When Dad became confined to spending the rest of his life in a nursing home he also lost his ability to stand let alone walk. A prisoner of his bed and wheelchair, he relied on the devotion of family members as well as the kindness of staff to keep him from stagnating and atrophying.
I bought Dad a new cassette tape recorder in 2002 which was not so easy to find and brought several of his cassette tape recordings to the long term care facility for him to enjoy. Most was stuff he recorded over the years- old time radio shows, conversations he had with my brother, and singers and instrumentals that he favored.
One day I mentioned to Ma that it was a shame that I couldn’t take the old 33 LP records in the basement of their house and convert them to cassette tape as I’m sure Dad would enjoy them. She asked why I didn’t try putting them on the Zenith Stereo Hi-Fi piece of furniture that had been sitting in the dungeon for at least twenty years. I said, “that old thing? It’ll probably never work. Didn’t you notice the watermarks on the cloth protection over the speakers? It must have got soaked from all the minor floods down there.”
I said all that to protect from disappointment but was still willing to give it a try. I plugged the power cord into an outlet and turned the thing on.
Lo and Behold! The turntable started spinning. I took out the Richard Tucker album knowing how much Dad admired him. The automatic record changer no longer worked so I manually placed the record on the turntable and put the tonearm and needle gently on the record as it spun.
Like magic, it was forty years earlier and I was sitting in the front room of our apartment on Quincy Street in Chicago’s Austin neighborhood. The Zenith played non-stop on summer afternoons with not much else going on when my buddies were at Day Camp. There was Tucker and his brother-in-law and closest rival- Jan Peerce. There were Broadway Musicals such as “Oklahoma” and my favorite, “The Music Man”. It was high tech for the time- Stereophonic Fidelity with AFC Locking and Booster switches. It was also an FM radio receiver.

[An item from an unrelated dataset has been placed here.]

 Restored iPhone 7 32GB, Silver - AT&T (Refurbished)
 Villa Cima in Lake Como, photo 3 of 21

The playback was now scratchy and maybe no longer truly stereophonic but still more than functional. Knowing that I had something to work with, I took the tape recorder from Dad’s room, brought it to the house and started taping all of his old favorites including Richard Tucker’s 1963 recording of “The Sweetest Sounds” with the maestro Skitch Henderson’s arrangement building to Tucker’s high C finish.

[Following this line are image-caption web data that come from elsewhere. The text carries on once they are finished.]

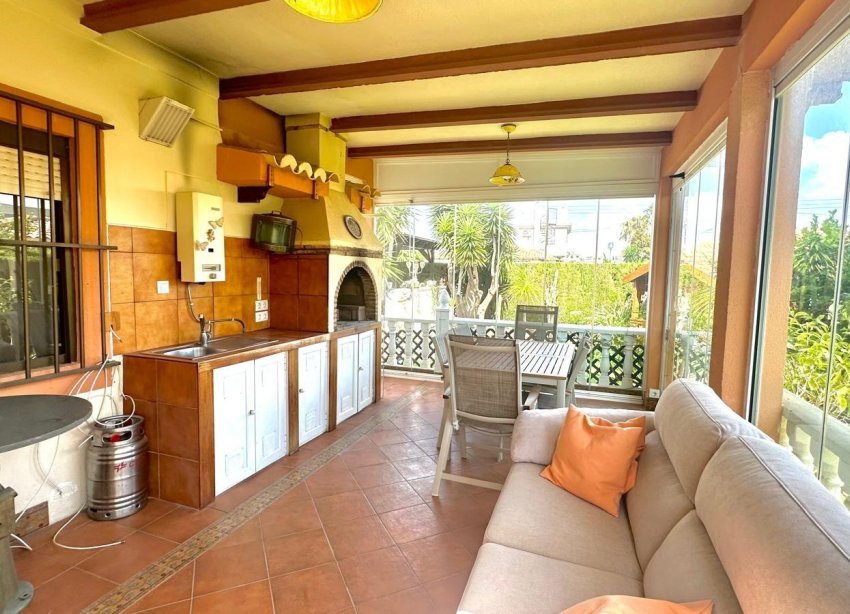 Resale - Villa - Orihuela Costa - Costa blanca
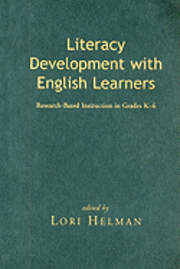 bokomslag Literacy Development with English Learners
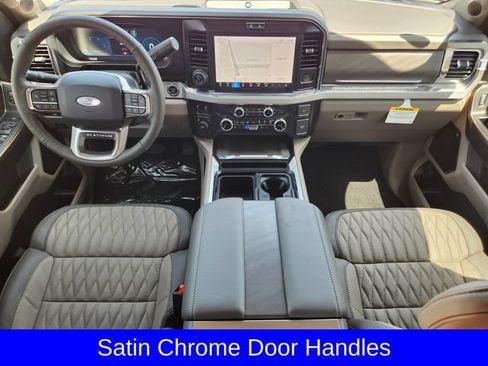New 2026 Ford F350 Platinum w/ Platinum Plus Package AWD/4WD image 27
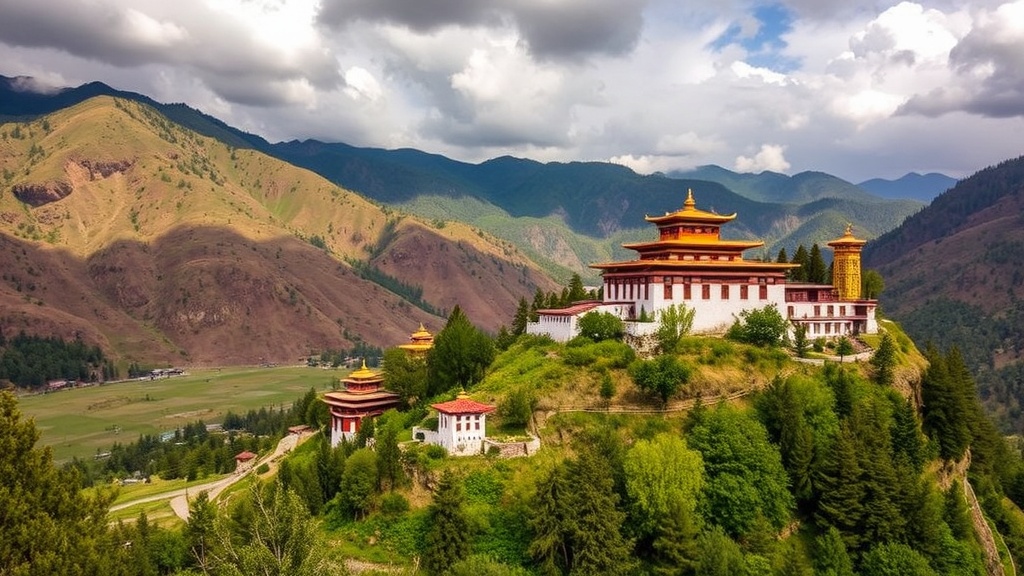 4 Ways to Protect Sacred Landscapes in Bhutan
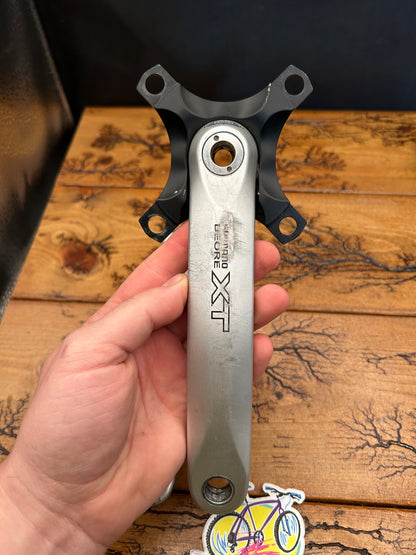Shimano Deore XT FC-M752 175mm Octalink V2 Crankset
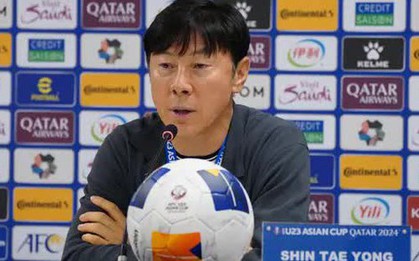 HLV Shin Tae-yong: "Tôi chưa biết thua Uzbekistan là gì?"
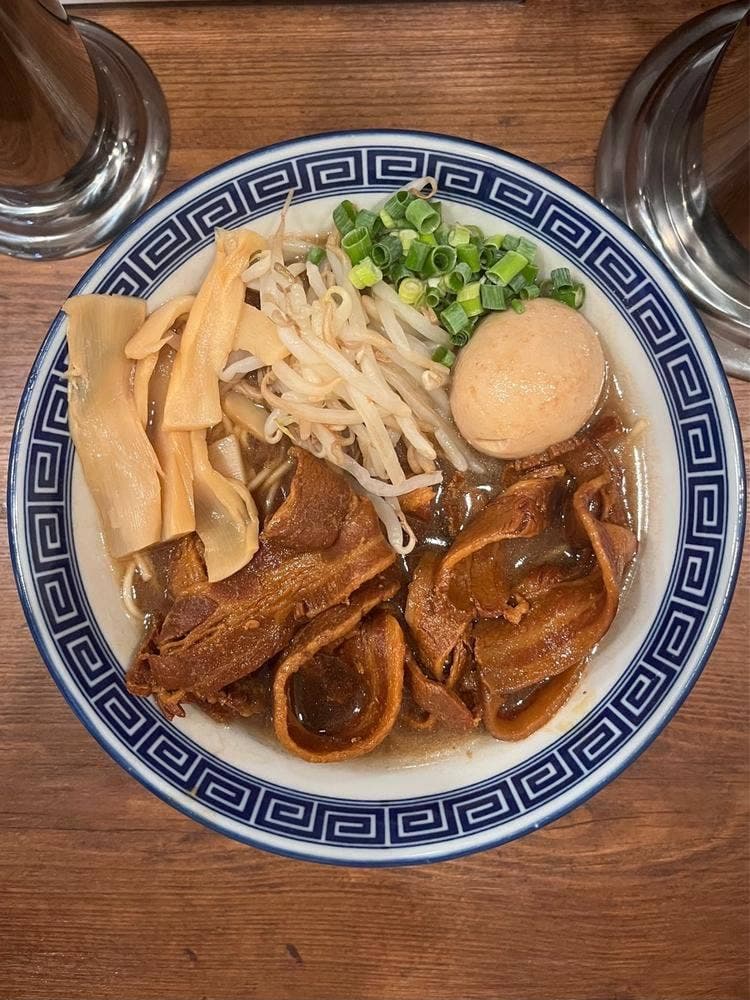 徳島ラーメン はるま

Dad was appreciative of my efforts and also got lost in time listening to playback in his room. He seemed surprised when I told him that Tucker and Peerce were no longer around. Maybe he was living in a time warp where time was rewound back to the days he was young and vibrant himself. That was alright by me. They say it’s not good to live in the past but what do they know?
“The most entrancing sight of all is yet for me to see…” I’d give a million to know what Dad is seeing now.